PepsiCo is a good business. In fact, it’s better than The Coca-Cola Company (KO), which is useful if you are thinking about these stocks in a long-term equity market portfolio.
I continue to find it difficult to be a buyer in this stock market. Recognizing the opportunity cost of not being in the market and the fact that there are always good trades out there, I’m just not a big fan of loading up on the equity market right now.
The resilience that the stock market has shown this year is pronounced. But I refer you back to the fact that the stock market is very much a leading indicator, a speculative pricing mechanism of the value of future earnings. Given the performance of corporate earnings in the second quarter of 2013 and Wall Street’s expectations for the bottom half of the year, the stock market is fully priced.
One income-generating sector that’s losing some of its shine is the utilities sector. On the stock market, this sector was particularly hot in the first six months of the year, but has pulled back with pressure on interest rates. This is an area where I would be focusing if looking for new dividend-paying stocks.
Noteworthy names within the group are The Southern Company (SO) and Duke Energy Corporation (DUK). A balanced stock market portfolio is always well served by a higher-yielding utility stock. Both Southern and Duke offer current dividend yields of more than four percent.
In terms of portfolio strategy, traditional names like Johnson & Johnson (JNJ), Colgate-Palmolive Company (CL), and The Procter & Gamble Company (PG) are very lofty in terms of their valuations.

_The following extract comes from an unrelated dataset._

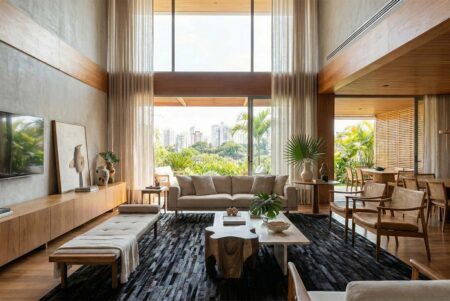 Black Striped Patchwork Cowhide Rug - Sun-Drenched Modern Living Room with a View 253 Open-plan living room with a super high ceiling and a massive window that looks out onto a green park. Sunlight streams in, illuminating a long, beige sofa, a couple of wooden armchairs, a daybed, and a cool, natural wood coffee table, all placed on a large, Black striped cowhide rug. There's a lot of wood on the ceiling and walls, and some plants, making it feel very warm and natural.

These businesses aren’t going away by any means, but now isn’t the time to be buying them. (See “One Company, Two Vital Themes to Consider.”)
The stock market has been chasing these names since last summer, as the marketplace craves stability in earnings and dividends.
Frankly, in terms of large-caps in this market, there aren’t a lot of buying opportunities that stand out as a real deal. Oil is holding above $100.00 a barrel, but big oil companies reported only mediocre second-quarter numbers. The problem for big oil is declining production. Growth is becoming a serious issue for the big players; they just can’t find and extract enough of the commodity.
Really, the only attractive area in terms of sector strategy is the utilities, and this group is likely to continue to be under pressure due to rising interest rates.
The stock market is very much a hold at this time. We’re due for a correction—but then again, there’s nowhere else for investors to go to generate a rate of return greater than the inflation rate. There are no bandwagons in this market.